_PROVIDED DATA_.
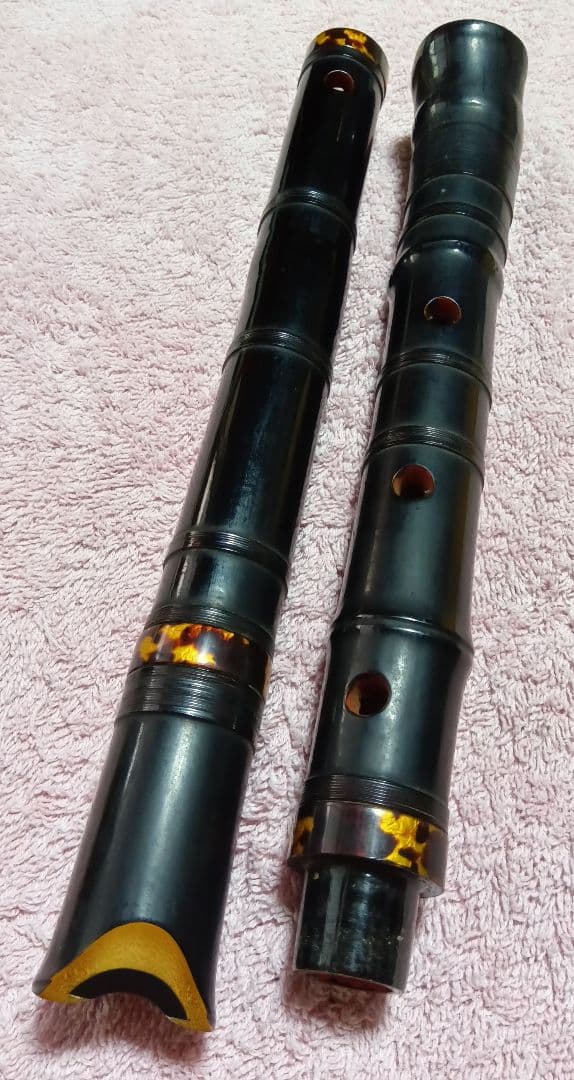 中古品*尺八 黒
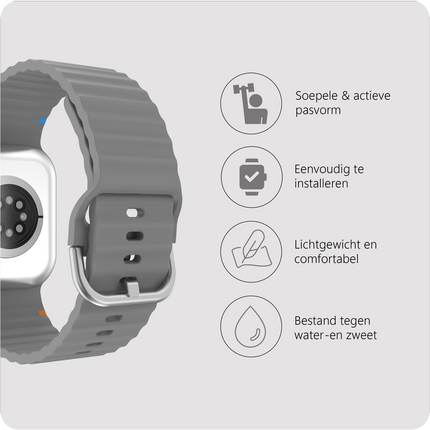 ActiveFlex Strap  - Apple Watch 44/45/46/49mm - Grey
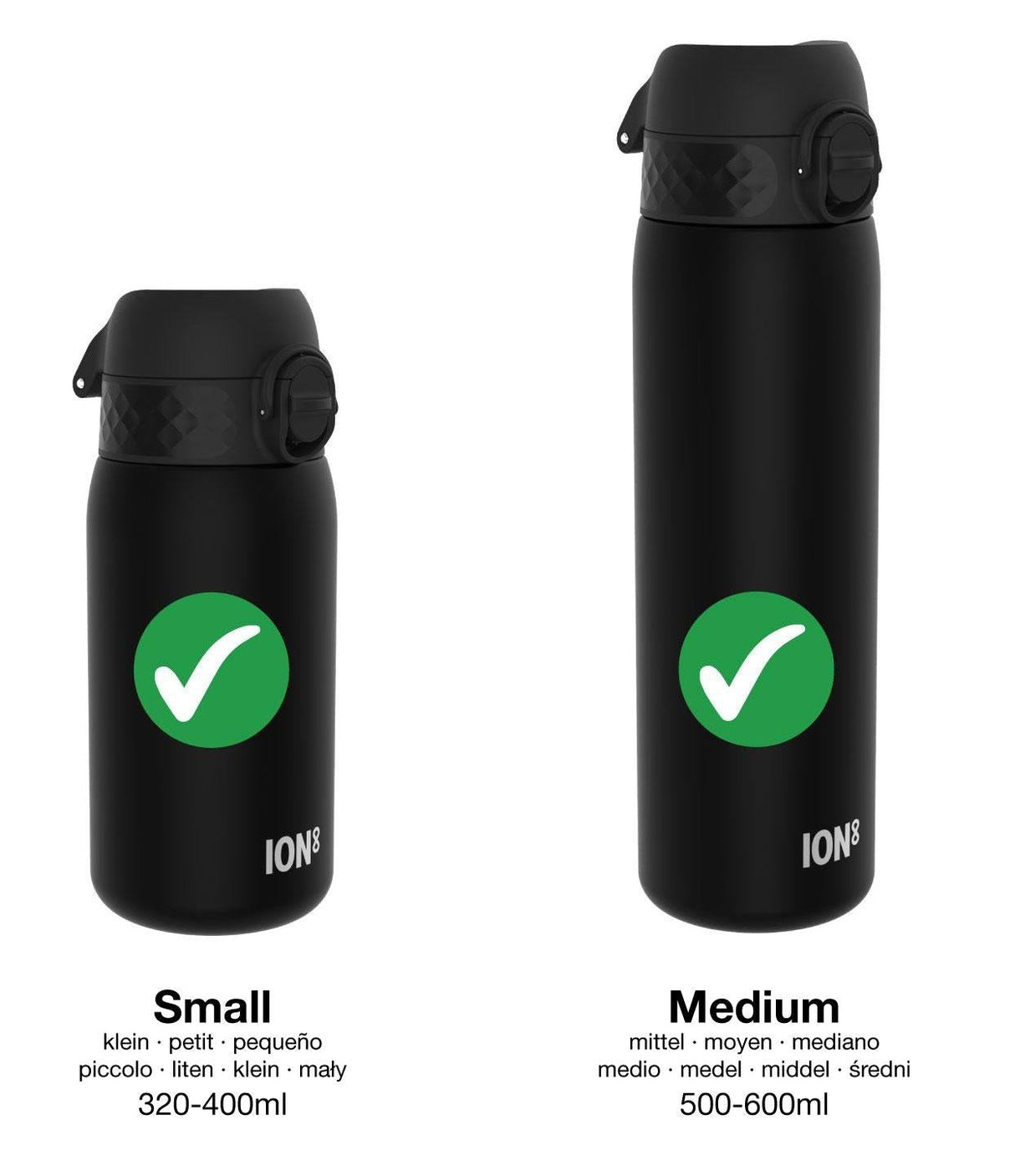 ION8 Leak Proof Water Bottle Accessory, Replacement Lid, Lilac, Small / Medium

_YOUR ASSIGNMENT_. The material is to be reproduced verbatim, and no picture may appear in the copy.

_EXERCISE ANSWER_.
 中古品*尺八 黒
 ActiveFlex Strap  - Apple Watch 44/45/46/49mm - Grey
 ION8 Leak Proof Water Bottle Accessory, Replacement Lid, Lilac, Small / Medium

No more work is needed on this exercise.